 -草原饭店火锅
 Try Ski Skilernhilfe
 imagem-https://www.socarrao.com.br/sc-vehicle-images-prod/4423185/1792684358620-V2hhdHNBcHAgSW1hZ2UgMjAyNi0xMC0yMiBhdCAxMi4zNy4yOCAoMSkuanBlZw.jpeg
----------------
• [Exercise description]:
Up to and including the last line of the listing above, copy exactly every line from the one that contains "Try Ski Skilernhilfe" onward; leave out all others.

• [Response area]:
 Try Ski Skilernhilfe
 imagem-https://www.socarrao.com.br/sc-vehicle-images-prod/4423185/1792684358620-V2hhdHNBcHAgSW1hZ2UgMjAyNi0xMC0yMiBhdCAxMi4zNy4yOCAoMSkuanBlZw.jpeg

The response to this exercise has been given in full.